The mere existence of a scaled up number of learners may have a direct
effect on the scale of interactions, and especially on the quantity and
quality of messages and other emerging learning objects which are
produced and propagated through the networked participants (learners,
teachers and other stakeholders). Also, the larger the network, the more
opportunities there are for direct learner-to-learner communication. For
instance, learners involved in reflective learning may benefit from
being aware of the annotations of large numbers of other co-learners,
observe the heat maps of these annotations, and consequently focus on
the critical topics. However, such a major opportunity requires the
provision of adequate filters and advanced semantic and lexical
processing methods, that will make peer annotations meaningful.
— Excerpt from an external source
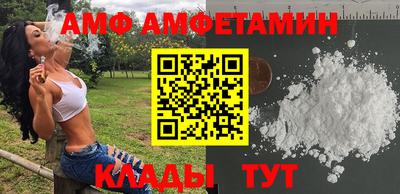 прущая мука Новозыбков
Other
significant modes such as collaborative learning benefit from the
crowdsourcing effects, especially in terms of timely peer reviews, or
data analytics using big data can feed effective algorithms for
appropriate groupings.
We therefore recommend that research efforts be directed to invent new
pedagogical approaches that are intrinsically designed to take advantage
of scale. We believe these two approaches of (a) scaling rich activities
initially designed for low scale and (b) inventing new scale-powered
activities, are complementary to the construction of new landscapes of
learning through ambitious research programs.
\subsection{Scaling both up and down}
Lastly, even when large scale can be managed successfully,
scaling down can still be very relevant, as
Section~2.2 of \cite{mroe-2013-report} describes.
Scale-down is necessary, for example, when the number of
participants decreases drastically over the lifetime of a
MOOC, or when a MOOC must be adapted for a smaller-scale context such as
a SPOC.
Moreover, massive scale can sometimes be best
achieved by aggregating a massive number of small learning cohorts,
again highlighting the importance of small group dynamics and the
importance of scale-down.
Therefore, there is a need for flexible and
elastic mechanisms that enable the most effective and efficient
pedagogies when scaling both up and down.